The facts were stipulated and were in substance the following. A part of plaintiff’s business consisted of the modification of the wings of aircraft and associated work. It main[583]tained a stock of wings for use as follows: a customer would bring his aircraft for inspection and an agreement would be reached respecting the changes that were desired. Due to the fact that the modification would require several months’ work, the customer would continue to use the aircraft in its then condition until plaintiff was prepared to deliver wings of the same type with the modifications that had been agreed upon, whereupon one or two wings as modified would be installed and the wing or wings removed from the aircraft would be placed in plaintiff’s stock for future use. Plaintiff charged the customer an amount equal to the value of the material used and a price for the labor employed in the modification, plus a percentage of profits. A tax was assessed upon the total amount of the charge. In each of seven transactions for which plaintiff paid the taxes in question a substantial portion of the charge was for material used in the modification. The basis of plaintiff’s claim for refund is that the taxes should have been assessed only upon the amounts charged for the materials. It contends that it was not a seller of the modified wings but only a repairer and as such was exempt from tax liability upon the amounts that it had charged and received for labor performed in modifying the wings.

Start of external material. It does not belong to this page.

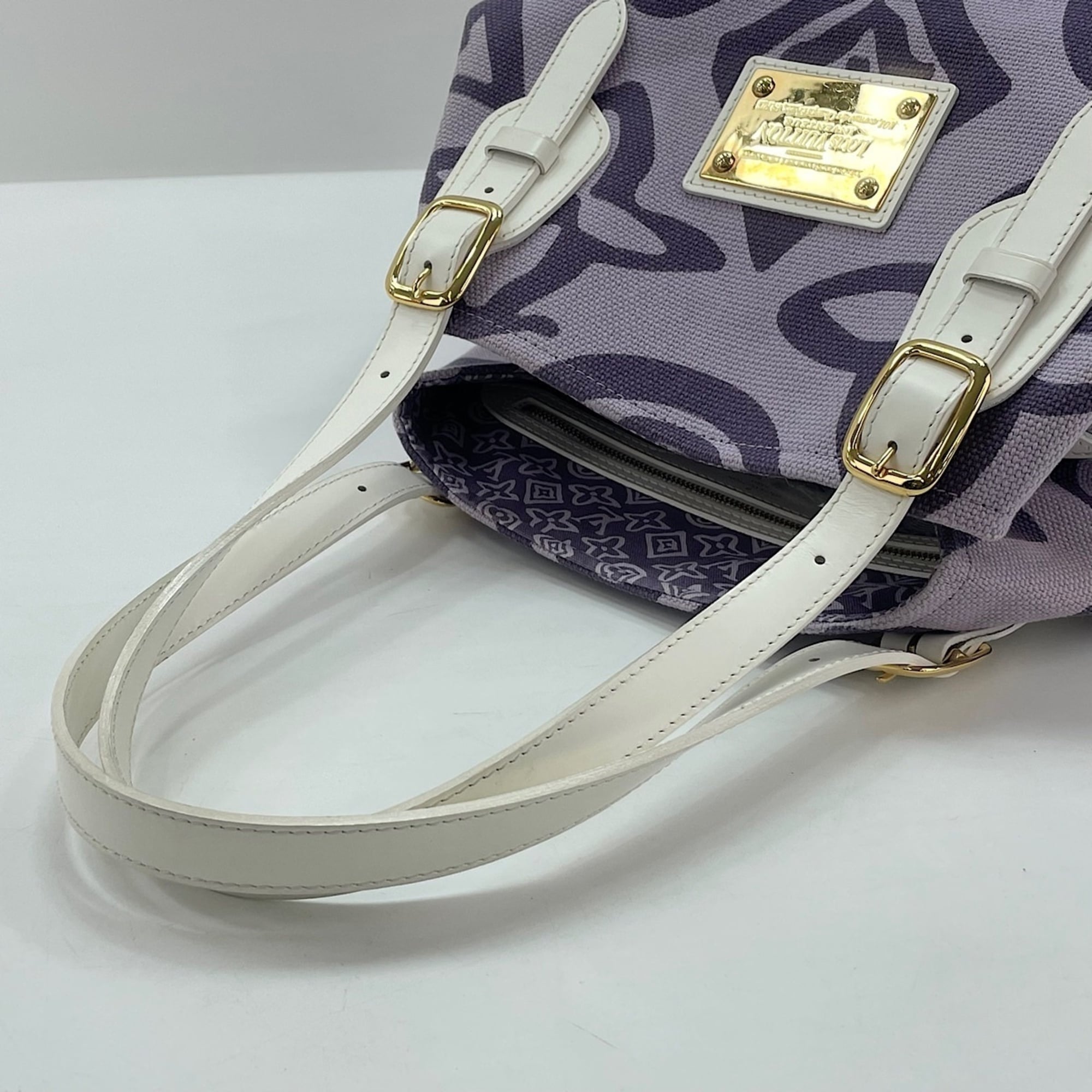 Louis Vuitton Purple Tote Bag (Pre-Owned)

The following sections of the code are relevant, and the substance may be stated as follows: a retailer is one who makes any retail sale or sales of tangible personal property (§ 6015); a retail sale is any sale for any purpose other than resale (§ 6007); sale includes exchange (§ 6006); the sales tax is upon gross receipts (§ 6051); gross receipts is the total amount received without deduction of the cost of materials used or labor or service costs (§ 6012, first subd. (b)).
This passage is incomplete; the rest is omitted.